2025-11-10 15:36:42,695 - INFO - pct command available (this is the host)
2025-11-10 15:36:42,717 - INFO - Current GPU processes: [{'pid': '2381690', 'name': '/var/lib/cudo-miner/registry/aaf375fd4c7b39548121985bce1e7b64/t-rex', 'memory': '5478 MiB'}]
2025-11-10 15:36:43,524 - INFO - Idle NvGPU container 120 running: True
2025-11-10 15:36:43,525 - INFO - GPU monitoring thread started
2025-11-10 15:36:43,525 - INFO - Proxy server running on port 11435
2025-11-10 15:36:43,525 - INFO - Forwarding to Ollama at localhost:11434
2025-11-10 15:36:43,525 - INFO - Managing idle NvGPU container: 120
2025-11-10 15:36:43,525 - INFO - Monitoring GPU usage and scheduled maintenance windows
2025-11-10 15:36:43,525 - INFO - Idle NvGPU process patterns: ['t-rex', 'trex', 'miner', 'xmrig', 'lolminer', 'nbminer']
2025-11-10 15:36:55,310 - INFO - Localhost - "GET /api/tags HTTP/1.1" 200 -
2025-11-10 15:36:55,332 - INFO - Localhost - "GET /api/ps HTTP/1.1" 200 -
2025-11-10 15:37:01,223 - INFO - GPU-intensive operation detected: /api/chat
2025-11-10 15:37:02,040 - INFO - Force stopping idle NvGPU container for Ollama GPU operation
2025-11-10 15:37:02,859 - INFO - Stopping container 120
2025-11-10 15:37:06,391 - INFO - Container 120 stopped successfully
2025-11-10 15:37:29,546 - INFO - Localhost - "POST /api/chat HTTP/1.1" 200 -
2025-11-10 15:37:29,551 - INFO - Ollama request completed, activity timestamp updated
2025-11-10 15:37:29,664 - INFO - GPU-intensive operation detected: /api/chat
2025-11-10 15:37:39,896 - INFO - Localhost - "POST /api/chat HTTP/1.1" 200 -
2025-11-10 15:37:39,896 - INFO - Ollama request completed, activity timestamp updated
2025-11-10 15:37:39,903 - INFO - GPU-intensive operation detected: /api/chat
2025-11-10 15:38:17,616 - INFO - Localhost - "POST /api/chat HTTP/1.1" 200 -
2025-11-10 15:38:17,616 - INFO - Ollama request completed, activity timestamp updated
2025-11-10 15:38:17,631 - INFO - GPU-intensive operation detected: /api/chat
2025-11-10 15:38:53,068 - INFO - Localhost - "POST /api/chat HTTP/1.1" 200 -
2025-11-10 15:38:53,069 - INFO - Ollama request completed, activity timestamp updated
2025-11-10 15:39:59,855 - INFO - Ollama activity timeout reached
2025-11-10 15:43:58,186 - INFO - GPU idle, starting idle NvGPU container
2025-11-10 15:43:59,001 - INFO - Starting container 120
2025-11-10 15:44:02,739 - INFO - Container 120 started successfully

Enable debug mode:

logging.basicConfig(
    level=logging.DEBUG,
    format='%(asctime)s - %(levelname)s - %(message)s',
    handlers=[
        logging.FileHandler('/var/log/gpu_proxy.log'),
        logging.StreamHandler()
    ]
)

🧪 Monitoring & Testing

Check service:

systemctl status gpu-proxy

Tail logs:

tail -f /var/log/gpu_proxy.log

Test GPU processes:

nvidia-smi --query-compute-apps=pid,process_name,used_memory   --format=csv,noheader,nounits

Troubleshooting

pct command not found

→ Script must run on the Proxmox host, not inside an LXC.

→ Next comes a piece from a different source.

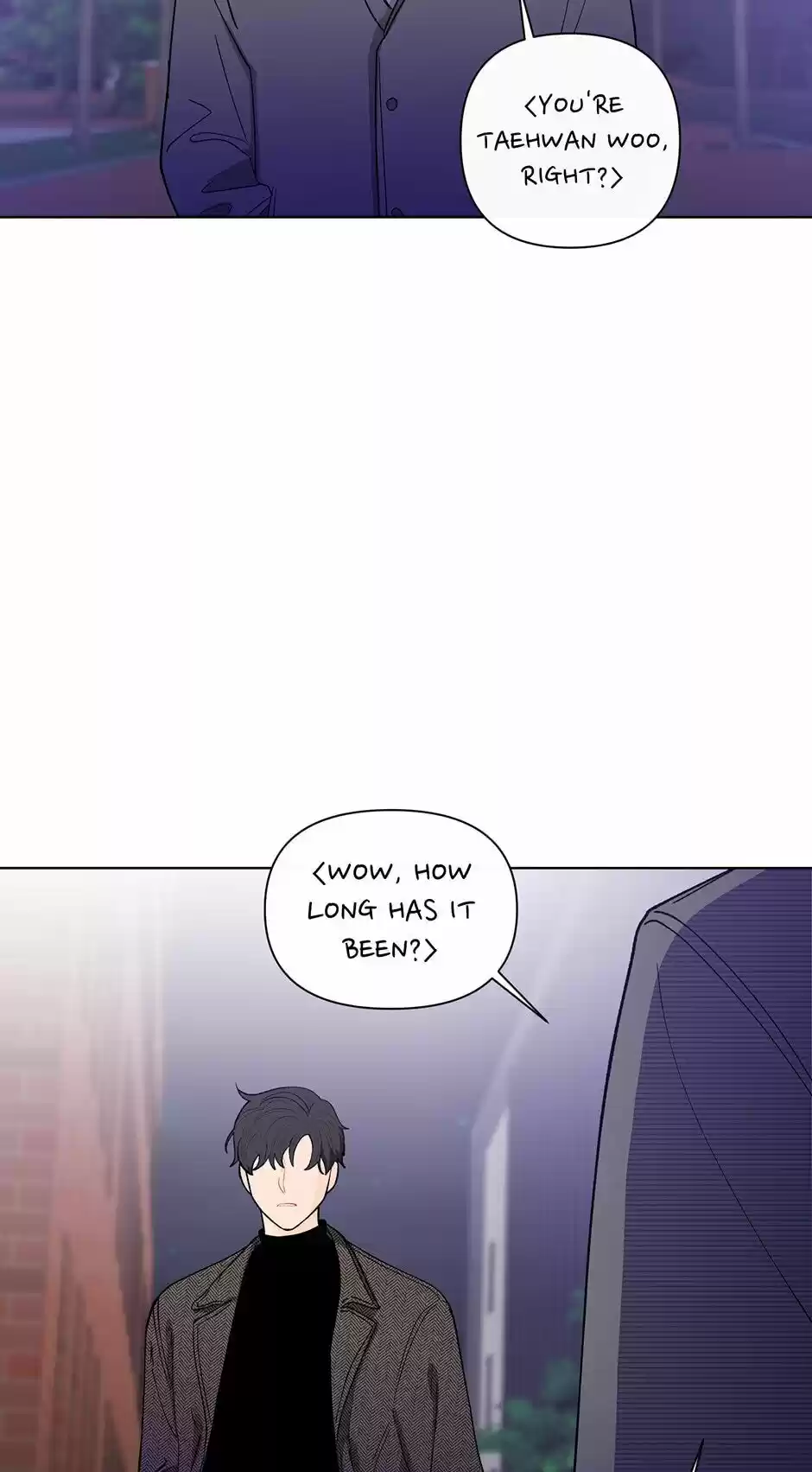 Banana Scandal Chapter 85 : The Man Of His Past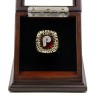 MLB 1980 Philadelphia Phillies World Series Championship Replica Fan Ring with Wooden Display Case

GPU processes not detected

  • Verify NVIDIA drivers
  • Run nvidia-smi manually
  • Ensure GPU passthrough is configured

Idle container not managed

  • Check the LXC exists
  • Run pct list
  • Ensure root permissions

Proxy connection refused

  • Ensure Ollama is running
  • Check firewall rules
  • Check via curl inside Proxmox:
curl http://<OLLAMA_HOST>:11434/api/version

🤝 Contributing

Pull requests and issues are welcome!
If youd like to contribute, please open an issue first to discuss your idea.


📄 License

This project is licensed under the MIT License. See the LICENSE file for details.